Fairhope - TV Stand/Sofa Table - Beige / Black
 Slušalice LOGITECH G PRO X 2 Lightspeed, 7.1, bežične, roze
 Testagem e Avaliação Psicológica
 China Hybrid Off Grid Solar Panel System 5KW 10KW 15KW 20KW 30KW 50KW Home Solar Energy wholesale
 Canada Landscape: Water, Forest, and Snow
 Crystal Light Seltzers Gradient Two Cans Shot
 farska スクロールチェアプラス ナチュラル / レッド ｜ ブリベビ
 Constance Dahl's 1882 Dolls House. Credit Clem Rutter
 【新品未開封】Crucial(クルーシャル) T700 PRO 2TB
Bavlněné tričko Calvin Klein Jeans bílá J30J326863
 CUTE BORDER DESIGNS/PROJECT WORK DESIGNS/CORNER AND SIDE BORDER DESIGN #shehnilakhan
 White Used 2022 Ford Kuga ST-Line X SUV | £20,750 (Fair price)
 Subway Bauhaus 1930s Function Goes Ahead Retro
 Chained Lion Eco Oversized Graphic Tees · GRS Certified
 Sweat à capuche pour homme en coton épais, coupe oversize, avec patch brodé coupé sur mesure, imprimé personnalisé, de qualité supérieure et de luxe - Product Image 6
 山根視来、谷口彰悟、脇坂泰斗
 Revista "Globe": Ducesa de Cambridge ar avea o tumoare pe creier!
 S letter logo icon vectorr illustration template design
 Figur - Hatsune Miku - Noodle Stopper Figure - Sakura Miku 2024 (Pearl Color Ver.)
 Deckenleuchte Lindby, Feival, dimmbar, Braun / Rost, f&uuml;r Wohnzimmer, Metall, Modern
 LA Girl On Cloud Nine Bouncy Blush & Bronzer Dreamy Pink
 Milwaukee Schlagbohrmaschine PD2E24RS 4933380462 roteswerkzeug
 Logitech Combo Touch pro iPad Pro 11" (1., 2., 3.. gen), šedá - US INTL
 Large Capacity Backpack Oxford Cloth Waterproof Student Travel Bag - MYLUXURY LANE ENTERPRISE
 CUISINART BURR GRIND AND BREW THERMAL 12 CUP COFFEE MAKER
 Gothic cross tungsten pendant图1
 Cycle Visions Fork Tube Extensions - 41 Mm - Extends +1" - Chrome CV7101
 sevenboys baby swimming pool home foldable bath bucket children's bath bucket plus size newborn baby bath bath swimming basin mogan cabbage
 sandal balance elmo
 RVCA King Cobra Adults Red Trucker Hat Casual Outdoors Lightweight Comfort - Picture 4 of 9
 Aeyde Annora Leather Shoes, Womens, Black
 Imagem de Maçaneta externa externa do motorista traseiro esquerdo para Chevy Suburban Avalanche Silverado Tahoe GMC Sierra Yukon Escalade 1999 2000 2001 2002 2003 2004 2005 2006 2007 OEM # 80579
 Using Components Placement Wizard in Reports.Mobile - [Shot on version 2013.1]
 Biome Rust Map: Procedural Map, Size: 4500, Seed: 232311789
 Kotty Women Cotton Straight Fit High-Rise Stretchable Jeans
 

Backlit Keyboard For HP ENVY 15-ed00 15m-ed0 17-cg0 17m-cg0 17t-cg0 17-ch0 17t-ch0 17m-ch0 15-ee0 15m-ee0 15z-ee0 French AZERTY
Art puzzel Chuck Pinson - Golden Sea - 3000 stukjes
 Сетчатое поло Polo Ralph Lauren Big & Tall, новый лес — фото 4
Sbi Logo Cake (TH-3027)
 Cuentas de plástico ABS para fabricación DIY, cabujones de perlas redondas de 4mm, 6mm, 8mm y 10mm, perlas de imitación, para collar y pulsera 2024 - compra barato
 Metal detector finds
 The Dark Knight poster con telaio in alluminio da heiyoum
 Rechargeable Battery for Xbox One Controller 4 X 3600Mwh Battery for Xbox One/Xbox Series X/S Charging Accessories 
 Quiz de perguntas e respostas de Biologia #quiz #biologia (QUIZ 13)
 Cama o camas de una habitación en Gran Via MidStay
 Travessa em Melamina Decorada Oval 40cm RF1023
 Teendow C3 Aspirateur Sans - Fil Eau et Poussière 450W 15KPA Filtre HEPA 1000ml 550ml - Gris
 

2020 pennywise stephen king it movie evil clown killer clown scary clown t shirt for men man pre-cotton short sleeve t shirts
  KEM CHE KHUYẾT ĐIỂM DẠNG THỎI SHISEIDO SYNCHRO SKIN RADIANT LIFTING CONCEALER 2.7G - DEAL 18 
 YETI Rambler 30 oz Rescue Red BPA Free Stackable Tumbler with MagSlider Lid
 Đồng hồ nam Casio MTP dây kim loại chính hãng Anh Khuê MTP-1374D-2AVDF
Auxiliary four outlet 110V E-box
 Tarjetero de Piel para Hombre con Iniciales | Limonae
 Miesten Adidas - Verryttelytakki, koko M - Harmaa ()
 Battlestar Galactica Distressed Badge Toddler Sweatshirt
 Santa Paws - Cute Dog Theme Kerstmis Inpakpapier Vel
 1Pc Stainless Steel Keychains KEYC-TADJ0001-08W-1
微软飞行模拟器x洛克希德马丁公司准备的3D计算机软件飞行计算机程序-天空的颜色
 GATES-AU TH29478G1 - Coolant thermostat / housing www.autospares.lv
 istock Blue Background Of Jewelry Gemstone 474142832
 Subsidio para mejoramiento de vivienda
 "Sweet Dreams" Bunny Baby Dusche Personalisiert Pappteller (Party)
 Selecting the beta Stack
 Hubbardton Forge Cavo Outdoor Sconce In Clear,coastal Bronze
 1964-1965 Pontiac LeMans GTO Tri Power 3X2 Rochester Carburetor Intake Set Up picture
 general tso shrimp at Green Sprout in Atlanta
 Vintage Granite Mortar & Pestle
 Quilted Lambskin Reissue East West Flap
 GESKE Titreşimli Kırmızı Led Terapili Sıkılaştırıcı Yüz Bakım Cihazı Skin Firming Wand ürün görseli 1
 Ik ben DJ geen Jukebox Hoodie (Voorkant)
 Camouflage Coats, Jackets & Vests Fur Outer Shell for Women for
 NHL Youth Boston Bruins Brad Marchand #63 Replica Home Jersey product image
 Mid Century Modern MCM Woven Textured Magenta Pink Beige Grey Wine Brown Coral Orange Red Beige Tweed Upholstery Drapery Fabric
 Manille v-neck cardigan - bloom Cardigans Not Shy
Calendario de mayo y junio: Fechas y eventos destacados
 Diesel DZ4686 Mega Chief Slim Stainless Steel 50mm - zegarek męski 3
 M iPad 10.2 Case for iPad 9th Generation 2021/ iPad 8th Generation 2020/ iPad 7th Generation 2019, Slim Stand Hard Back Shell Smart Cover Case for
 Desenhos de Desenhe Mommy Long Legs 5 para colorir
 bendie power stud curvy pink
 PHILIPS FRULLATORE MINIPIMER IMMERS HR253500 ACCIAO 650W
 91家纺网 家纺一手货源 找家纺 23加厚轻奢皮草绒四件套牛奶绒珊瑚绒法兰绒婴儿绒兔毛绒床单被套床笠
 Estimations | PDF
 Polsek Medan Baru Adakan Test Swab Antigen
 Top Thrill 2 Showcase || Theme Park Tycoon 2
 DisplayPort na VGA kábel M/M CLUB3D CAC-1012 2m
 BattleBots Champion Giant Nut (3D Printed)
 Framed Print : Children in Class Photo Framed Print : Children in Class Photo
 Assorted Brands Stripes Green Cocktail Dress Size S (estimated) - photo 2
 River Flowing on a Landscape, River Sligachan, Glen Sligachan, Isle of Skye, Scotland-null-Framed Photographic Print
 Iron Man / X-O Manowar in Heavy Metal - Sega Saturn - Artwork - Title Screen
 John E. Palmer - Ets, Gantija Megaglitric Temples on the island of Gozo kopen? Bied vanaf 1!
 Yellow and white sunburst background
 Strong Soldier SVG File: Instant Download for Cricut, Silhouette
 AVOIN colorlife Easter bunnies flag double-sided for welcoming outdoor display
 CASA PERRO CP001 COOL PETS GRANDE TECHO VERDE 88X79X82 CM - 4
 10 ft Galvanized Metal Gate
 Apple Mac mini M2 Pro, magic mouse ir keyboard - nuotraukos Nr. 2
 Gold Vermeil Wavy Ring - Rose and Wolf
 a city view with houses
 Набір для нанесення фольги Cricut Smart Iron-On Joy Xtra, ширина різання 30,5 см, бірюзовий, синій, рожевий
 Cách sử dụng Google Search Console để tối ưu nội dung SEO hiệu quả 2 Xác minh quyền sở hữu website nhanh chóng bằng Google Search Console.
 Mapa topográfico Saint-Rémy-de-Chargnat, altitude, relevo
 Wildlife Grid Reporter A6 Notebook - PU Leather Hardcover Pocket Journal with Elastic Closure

※

EXERCISE PROMPT: All the lines that hold the word "Theme" must appear in the answer, copied from the records.

RESPONSE TO THIS EXERCISE:
 Santa Paws - Cute Dog Theme Kerstmis Inpakpapier Vel
 Top Thrill 2 Showcase || Theme Park Tycoon 2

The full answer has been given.